▸ Dataset records:
=== Section Start ===

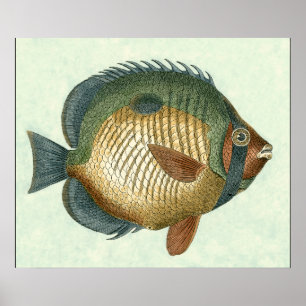 Big Colourful Fish Poster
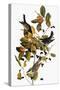 Audubon: Warbler-John James Audubon-Stretched Canvas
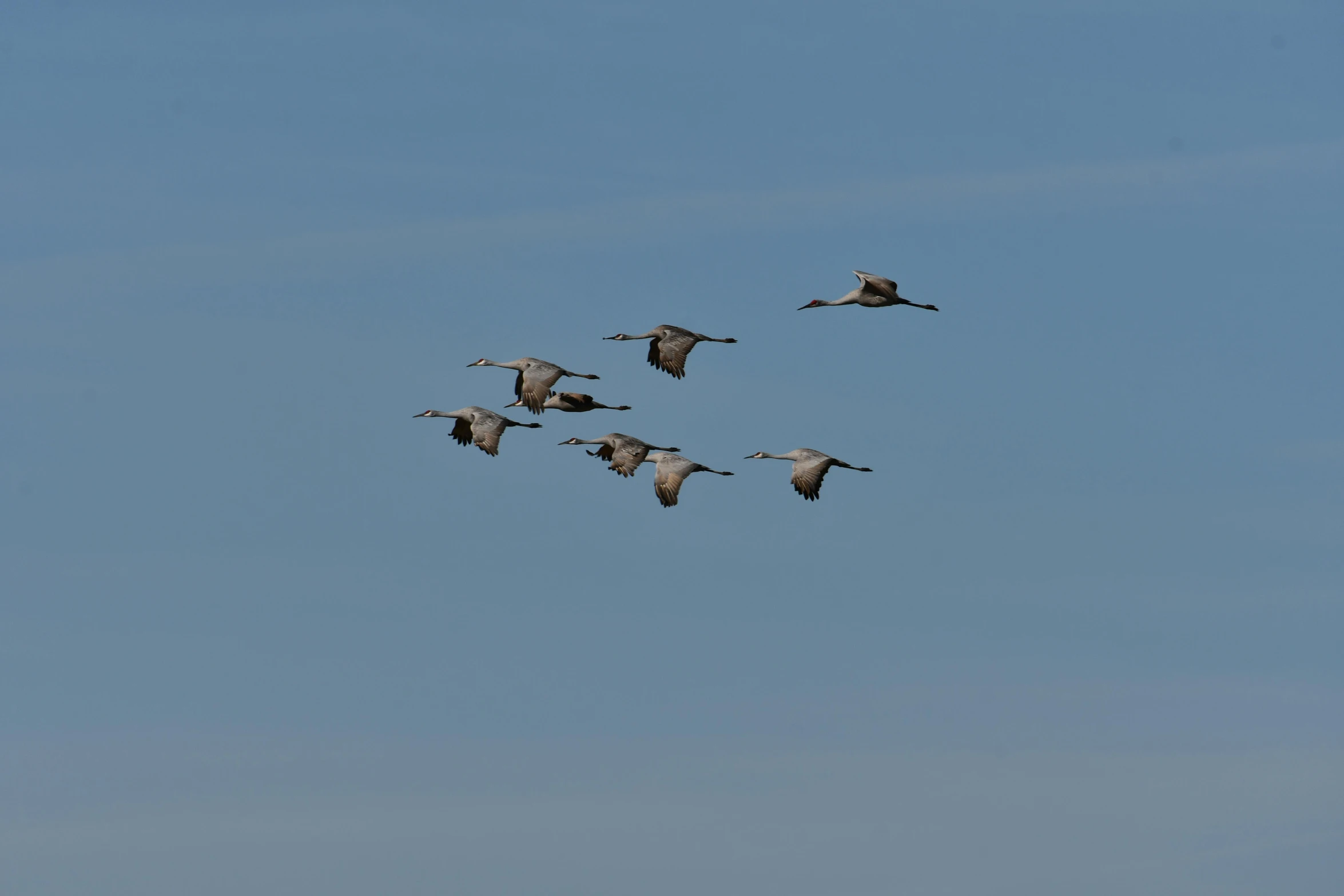 the geese fly through the blue sky together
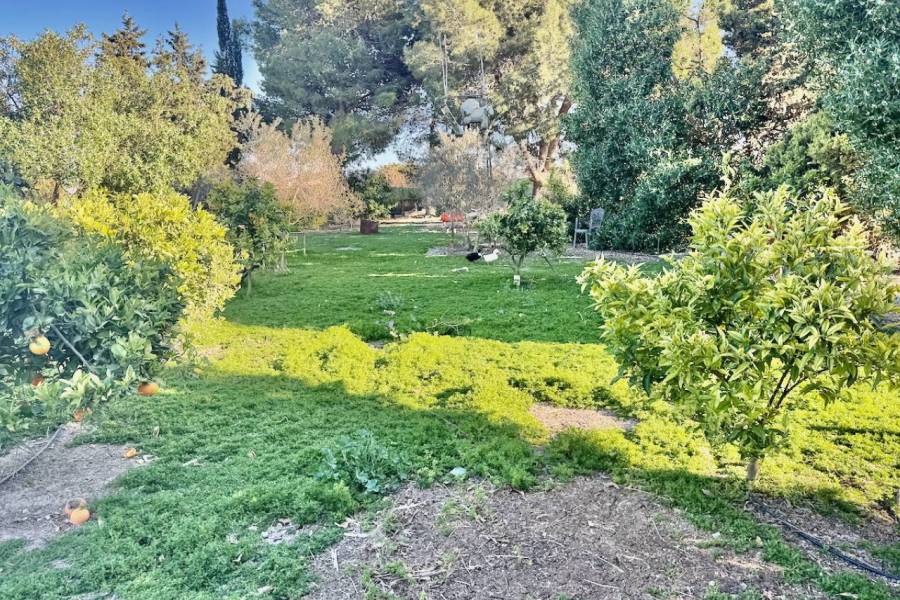 Reventa - Finca / Country Property - Guardamar del Segura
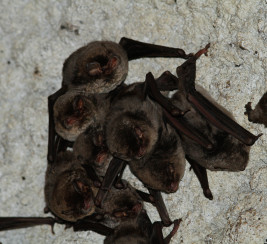 Minioptères
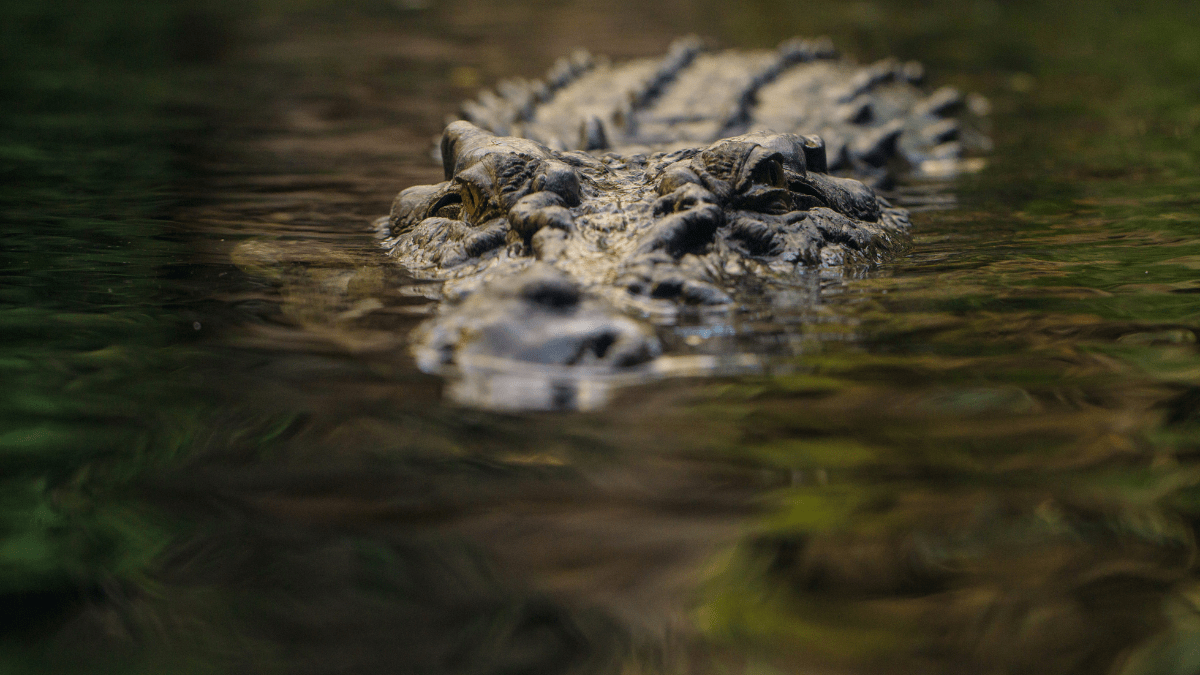 “They’re very shy animals”: Wildlife expert explains rarity of crocodile bite at Everglades National Park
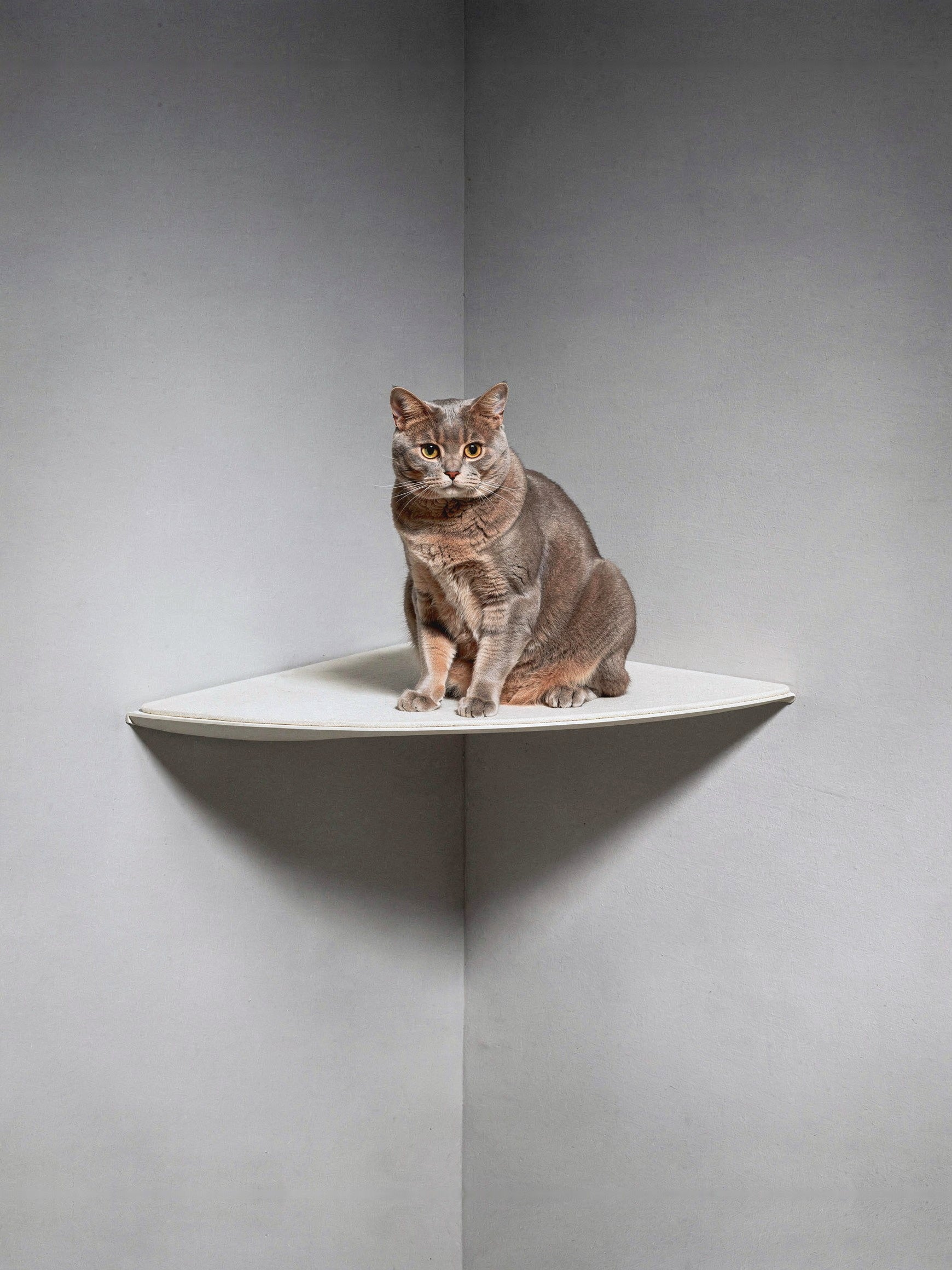 STYA Katzen Kletterwand | Eckliege WL160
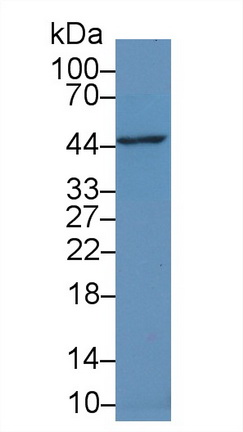 14710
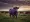 🐮💜 ¿Qué tiene que ver una vaca púrpura con mi negocio?
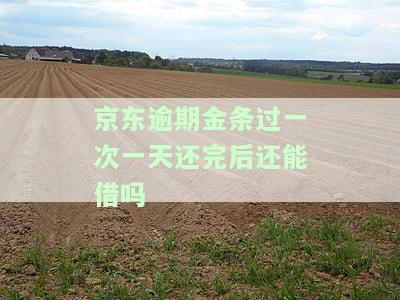 京东金条逾期一次，一天还款后能否继续使用？安全吗？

=== Section End ===

▸ Problem to solve: Copy every record above exactly, leaving out the pictures.

▸ Output below:
 Big Colourful Fish Poster
 Audubon: Warbler-John James Audubon-Stretched Canvas
 the geese fly through the blue sky together
 Reventa - Finca / Country Property - Guardamar del Segura
 Minioptères
 “They’re very shy animals”: Wildlife expert explains rarity of crocodile bite at Everglades National Park
 STYA Katzen Kletterwand | Eckliege WL160
 14710
 🐮💜 ¿Qué tiene que ver una vaca púrpura con mi negocio?
 京东金条逾期一次，一天还款后能否继续使用？安全吗？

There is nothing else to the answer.